Personal information
- Date of birth: 29 April 1951 (age 75)
- Place of birth: Bristol, England
- Position: Central defender

Senior career*
- Years: Team / Apps / (Gls)
- 1967–1982: Bristol City / 367 / (10)
- Caroline Hill
- 1983: Gloucester City / 8 / (0)
- Total:  / 375 / (10)

= Geoff Merrick =

English footballer

Geoff Merrick (born 29 April 1951) is an English former professional footballer who played as a central defender, making over 300 career appearances.

==Career==
Born in Bristol, Merrick played for Bristol City and Caroline Hill in Hong Kong.
A cultured defender, his best position was at centre-back, although he was also a capable full-back. Merrick was quick, good in the air and an exceptional reader of the game.
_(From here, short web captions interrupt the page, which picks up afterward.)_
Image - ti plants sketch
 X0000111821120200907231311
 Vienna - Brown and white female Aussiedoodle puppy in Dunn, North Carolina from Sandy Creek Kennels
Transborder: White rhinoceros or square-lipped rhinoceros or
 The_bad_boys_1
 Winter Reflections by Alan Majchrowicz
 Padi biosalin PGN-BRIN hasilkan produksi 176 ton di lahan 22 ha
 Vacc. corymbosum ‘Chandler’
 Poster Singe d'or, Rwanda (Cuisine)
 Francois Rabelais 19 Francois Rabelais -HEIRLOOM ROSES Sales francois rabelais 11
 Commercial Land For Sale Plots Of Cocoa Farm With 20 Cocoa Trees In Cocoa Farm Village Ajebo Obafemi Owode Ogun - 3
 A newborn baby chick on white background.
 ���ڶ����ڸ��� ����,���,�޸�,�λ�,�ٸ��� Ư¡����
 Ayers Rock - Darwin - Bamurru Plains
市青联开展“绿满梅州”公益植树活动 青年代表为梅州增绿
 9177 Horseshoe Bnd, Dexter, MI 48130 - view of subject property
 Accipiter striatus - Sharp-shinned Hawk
These attributes led to at least two attempts from Arsenal to sign him, both of which were rejected by Bristol City.
As captain, Merrick was central to Bristol City's promotion to the top flight of English football in 1976. Having been part of this modern high-point for the club, he was unable to arrest its subsequent decline as they endured a series of relegations.
With financial difficulties accompanying the decline, Merrick became one of the legendary 'Ashton Gate Eight' who saved the club by ripping up their contracts and taking redundancy.